10 key indicators of maintenance performance

- Mechanical availability (asset utilization) The "business contribution" of maintaining personnel is to provide highly reliable equipment at the lowest possible cost.
By Edwin K. Jones January 1, 1999

– Mechanical availability (asset utilization)

The “business contribution” of maintaining personnel is to provide highly reliable equipment at the lowest possible cost. World-class plants are typically driving reliability rather than cost reduction. (Industry sensitive)

– Ratio of direct maintenance personnel to support maintenance personnel

World-class plants tend to fall in the range of 2:1 to 3:1 workers per support person. Support personnel are those who provide the supervision, parts management, planning, reliability improvement, equipment condition monitoring, and other supporting tasks for the “hands on” workers.
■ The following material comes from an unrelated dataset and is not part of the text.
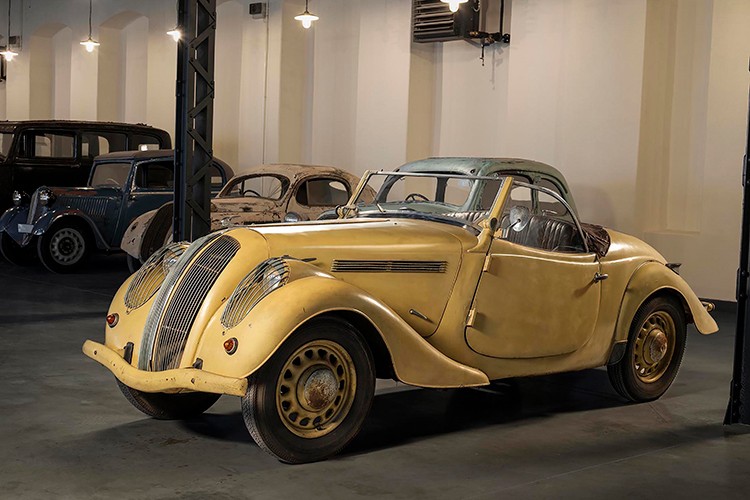 Škoda, 130 yıllık tarihinin efsaneleşmiş modellerini sergiliyor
Ratio of direct maintenance personnel to maintenance planning personnel

Ratio of direct maintenance personnel to engineering and technical maintenance personnel

There is usually a correlation between this metric and a plant’s equipment reliability and costs.

Maintenance cost as a percentage of plant estimated replacement value

This value is a classic measure of maintenance cost. Unfortunately, by itself, it drives cost reduction behavior without necessarily reinforcing the need for improved maintenance practices.
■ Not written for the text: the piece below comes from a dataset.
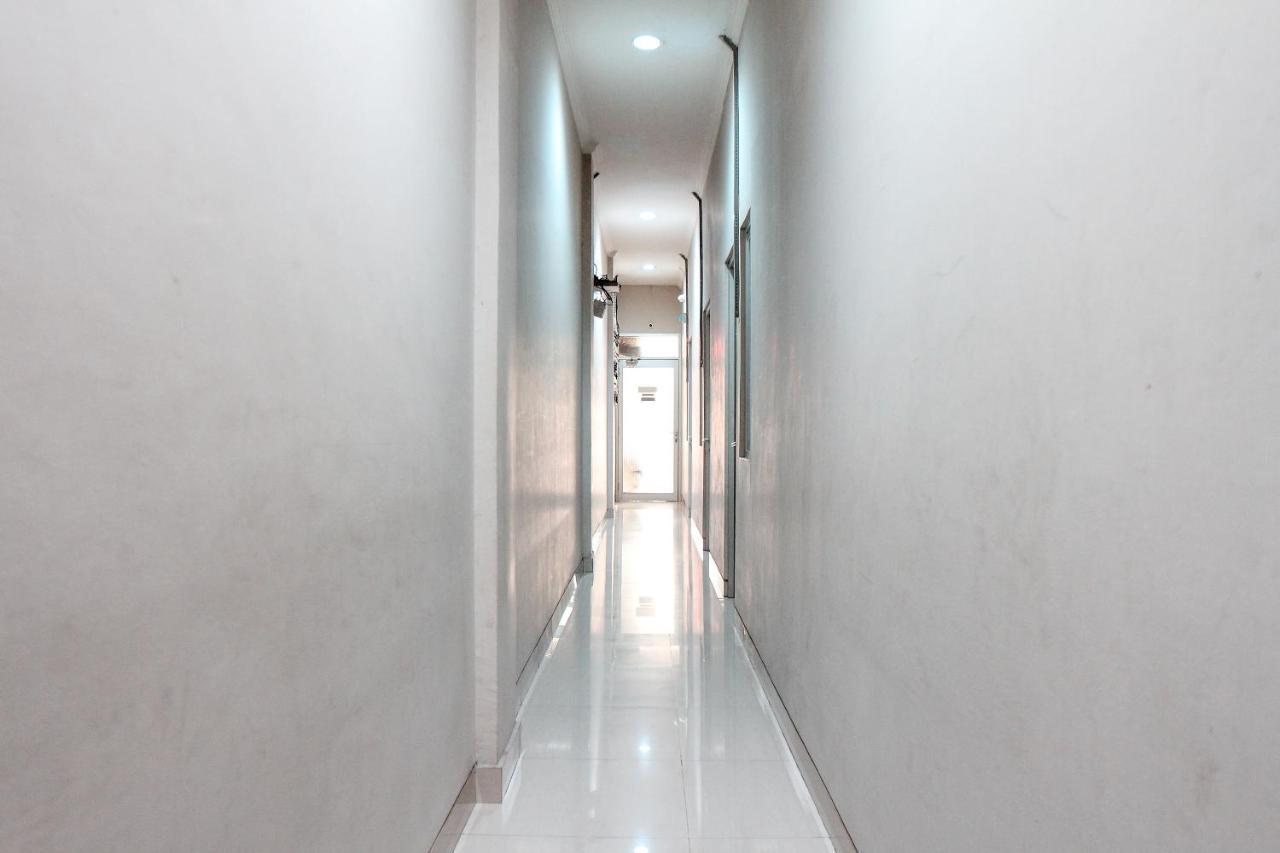 ג'קרטה Oyo 383 Env Residence מראה חיצוני תמונה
Ratio of plant estimated replacement value (in millions) to direct maintenance workers

This value is a measure of direct maintenance worker productivity (“How much plant and equipment,

in dollars, can each worker maintain?”). Many world-class plants fall into the range of $6-$9 million/worker. (Somewhat industry sensitive)
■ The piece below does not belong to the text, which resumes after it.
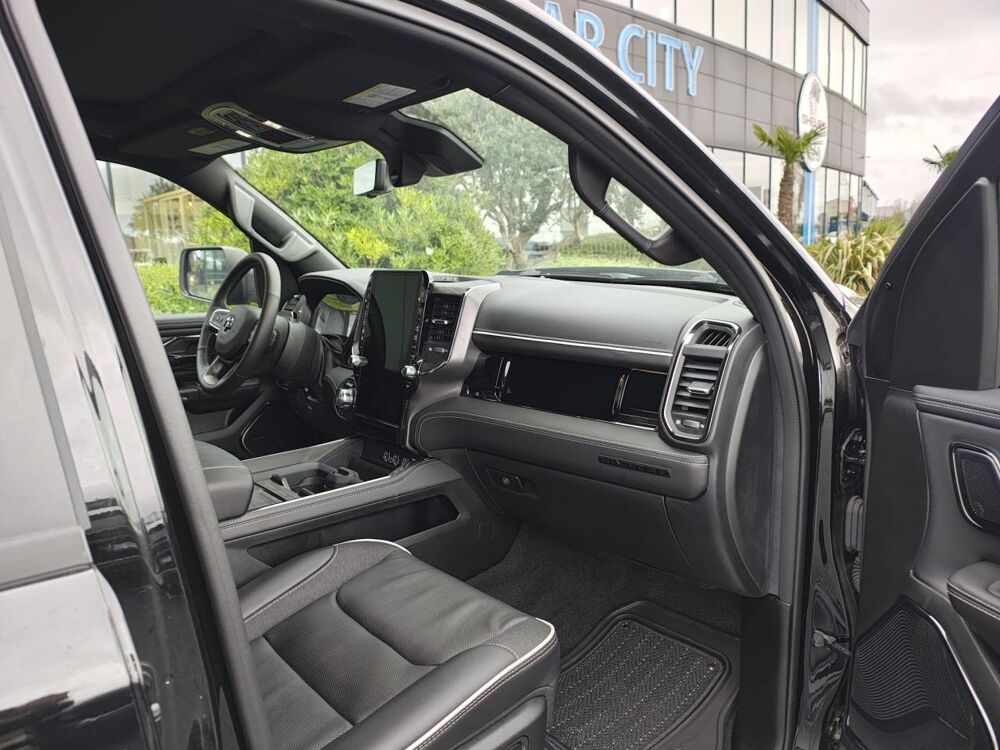 RAM 1500 CREW LIMITED NIGHT EDITION BOX HAYON MULTI 2025 occasion 91830 Le Coudray-Montceaux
Maintenance contracting cost as a percentage of total maintenance cost

This value is a measure for comparison, but without a “target” value. World-class plants don’t shoot for a specific level; rather, they are disciplined in defining the role of contractors in maintenance, based

on business-related criteria. On average, top plants around the world contract over 30% of their maintenance work — a little less in the United States. But, top plants are driven by a defined

strategy, not a target percentage.

Stores parts and investment as a percentage of plant estimated replacement value

For years, the target for this measure was about 1%, but top plants around the world now routinely achieve ratios in the range of 0.25%-0.5%

Stores turnover (ratio of annual disbursements to inventory value)

This ratio reflects stocking strategy and may run above or below 1 depending on the plant’s strategy (for example, balancing risk against insurance stocks). Performance is measured against the plant’s own target.

Ratio of stores disbursements to stores personnel (dollar investment/stores person)

This value is a measure of “productivity” of the stores operation and associated personnel.